## Weight Initialization explained | A way to reduce the vanishing gradient problem

### text

### Weight initialization explained

In this episode, we'll talk about how the weights in an artificial neural network are initialized, how this initialization affects the training process, and what we can do about it!

In an artificial neural network, we know that weights are what connect the nodes between layers. To kick off our discussion on weight initialization, we're first going to discuss how these weights are initialized, and how these initialized values might negatively affect the training process.

With this in mind, we'll then explore what we can do to influence how this initialization occurs. Then, we'll see how we can specify how the weights for a given model are initialized in code using Keras.

### How are weights initialized?

So, how are weights even initialized in the first place? We briefly touched on this concept in our
episodes on backpropagation.
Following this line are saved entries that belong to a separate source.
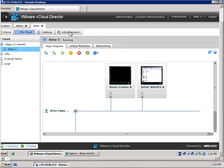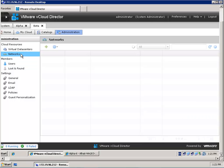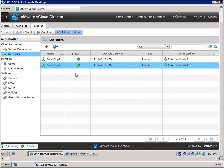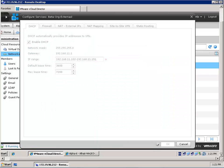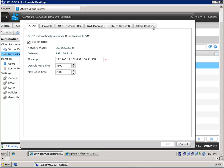Both machines are fenced by a vShield Edge device at the vApp level. First of all we want to administer the network, because this vApp in the Beta organization is also connected to an organization network, and the organization network is connected to the same external public network used in the Alpha organization. This organization network needs to be configured with static routing. We are going to configure the vShield Edge device and tell it that outgoing traffic must go to 172.20.11.202, and traffic within this vApp will flow to the VM behind 11.3.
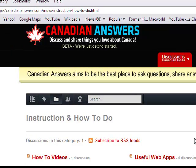This is Randy Mack from Canadian Answers. For more how-to guides and information on Canada and the things you love about Canada, visit CanadianAnswers.com.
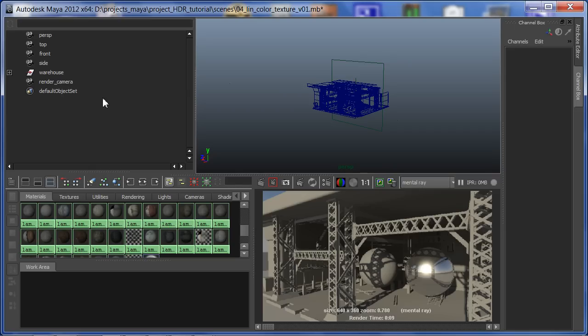Now we're going to start a new lesson: linear color space workflow with textures and physical sky. To summarize, I'm going to show how to use and fix the gamma of physical sky, and number two, how to verify that our textures are being color managed.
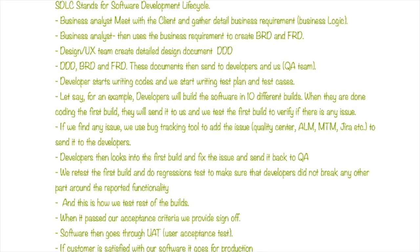All these documents are then sent to developers, and at the same time QA analyzes the documents and creates a test plan and test cases. Let's say, for example, developers will build the software in 10 different builds.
Recall there, we mentioned that weights are
*randomly initialized*.

To elaborate, whenever we build and compile a network, the values for the weights will be set with random numbers. One random number per weight. Typically, these random numbers will be normally distributed such that the distribution of these numbers has a mean of \(0\) and standard deviation of \(1\).

So, how does this random initialization impact training? To see this, let's consider the following example.
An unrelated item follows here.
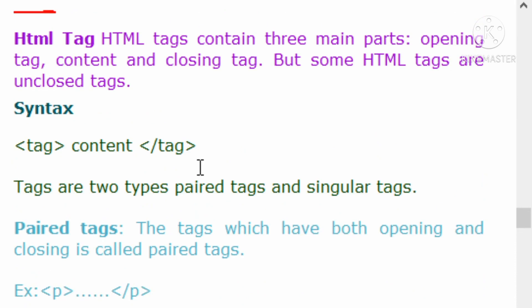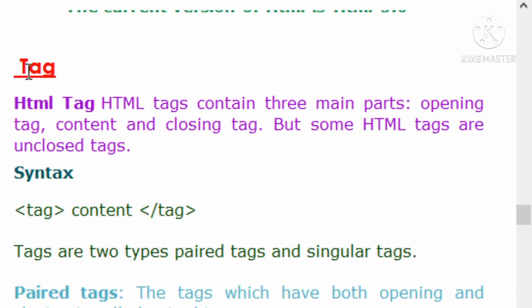So to summarize: if we declare tags, the tag follows the basic nature of the tag. A singular tag has only one part. There are two types of tags: paired tags and singular tags.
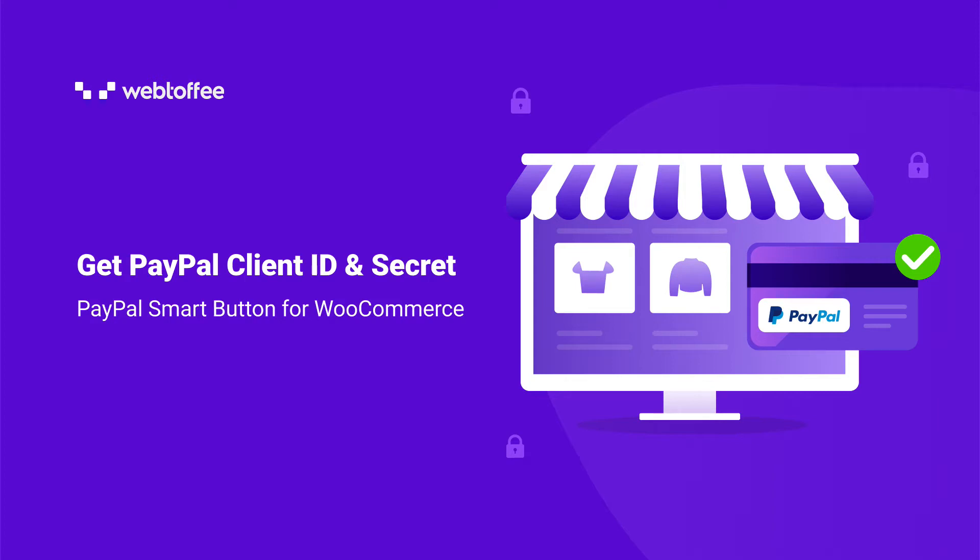Hi, let us have a quick overview of how to set up the PayPal Smart Button using the PayPal Express Checkout Payment Gateway plugin.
#### Random initialization example

Suppose that our neural network's input layer has \(250\) nodes, and for simplicity, suppose that the value of each of these \(250\) nodes is \(1\).

Now, let's focus only on the weights that connect the input layer to a single node in the first hidden layer. In total, there will be \(250\) weights connecting this node in our first hidden layer to all the nodes in the input layer. (See the corresponding video for an illustration.)

Now, each of these weights were randomly generated and normally distributed with a mean of \(0\) and a standard deviation of \(1\). So, what does this mean for the weighted sum, \(z\), that this node accepts as input?

Note, in our case, all the input nodes have a value of \(1\), so each weight in \(z\) will be multiplied by a \(1\), so \(z\) becomes just a sum of the weights.

So back to how this random initialization affects \(z\), more specifically we want to know what this means for the variance of \(z\). (Stick with me for a sec, we'll see why we care about this in a minute.)

Well, \(z\), as a sum of normally distributed numbers with a mean of \(0\), will also be normally distributed around \(0\), but its variance, and similarly its derived standard deviation, will be larger than \(1\).

That's because the variance of a sum of independent random numbers is the sum of the variances of each of these numbers. So, since the variance for each of our random numbers is \(1\), that means the variance of \(z\), which is the sum of these \(250\) numbers, is \(250\).

Taking the square root of this value, we see that \(z\) has a standard deviation of \(15.811\).

So looking at the normal distribution of \(z\), we see that it's quite broader than a normal distribution with a standard deviation of \(1\).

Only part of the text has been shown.